BlueLab EASE: Socially Engaged Design in Practice
Sara Groenke, C-SED’s Program Assistant, also serves as the design lead for BlueLab EASE – a student project team that aims to create more supportive, adaptable, and accessible seating solutions for children with cerebral palsy in León, Nicaragua.
Story by Lawryn Fraley
Sara was introduced to BlueLab EASE during her fourth year at Michigan when on the hunt for a student project that had a social impact component in addition to the opportunity to learn hands-on, engineering skills. She was immediately drawn to the project’s real-life applications, we have real stakeholders and we’re partners with a real community. That made all the learning from the classroom feel like it was useful.”
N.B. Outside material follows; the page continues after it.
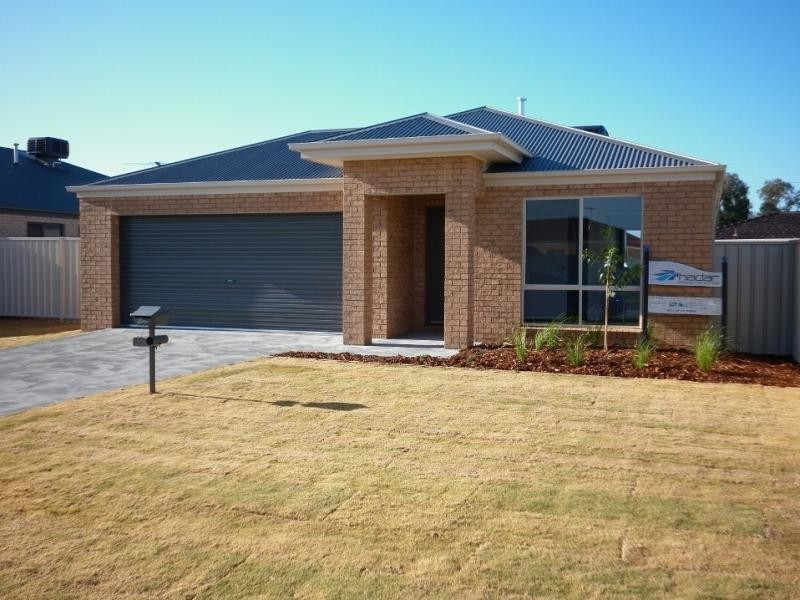 13 Heather Circuit, Mulwala NSW 2647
Sara’s experience designing a tool for better wheelchair seating for children with cerebral palsy in Nicaragua melded her classroom experiences from both the Stamps School of Art & Design and the Department of Mechanical Engineering. Sara and her team relied on their engineering backgrounds to plan ahead for interviewing stakeholders, purchasing materials, and building prototypes, while utilizing art and design inspired imagination and spontaneity when things didn’t quite go as planned. She learned to appreciate the nuances of designing from both an art and an engineering perspective: “sometimes it’s nice to have a plan, but sometimes it’s also nice to just try and figure things out in the moment.” To Sara, BlueLab EASE benefitted from both design perspectives and they equally contributed to the direction of the project from the very beginning.
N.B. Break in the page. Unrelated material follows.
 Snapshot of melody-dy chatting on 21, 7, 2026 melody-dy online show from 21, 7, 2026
Given that the stakeholders for BlueLab EASE are in another country, Sara’s team relied heavily on the Socially Engaged Design Process Model to keep themselves hyper aware of any assumptions they might be making throughout the design process. For example, the student team couldn’t assume their product users spoke English, or could read, so they incorporated color-coding into the assembly process and more images into the user manual. The students on the project team are constantly evaluating their social identities as designers and the impact those identities have on the product. This self-awareness is core to the Socially Engaged Design Process Model.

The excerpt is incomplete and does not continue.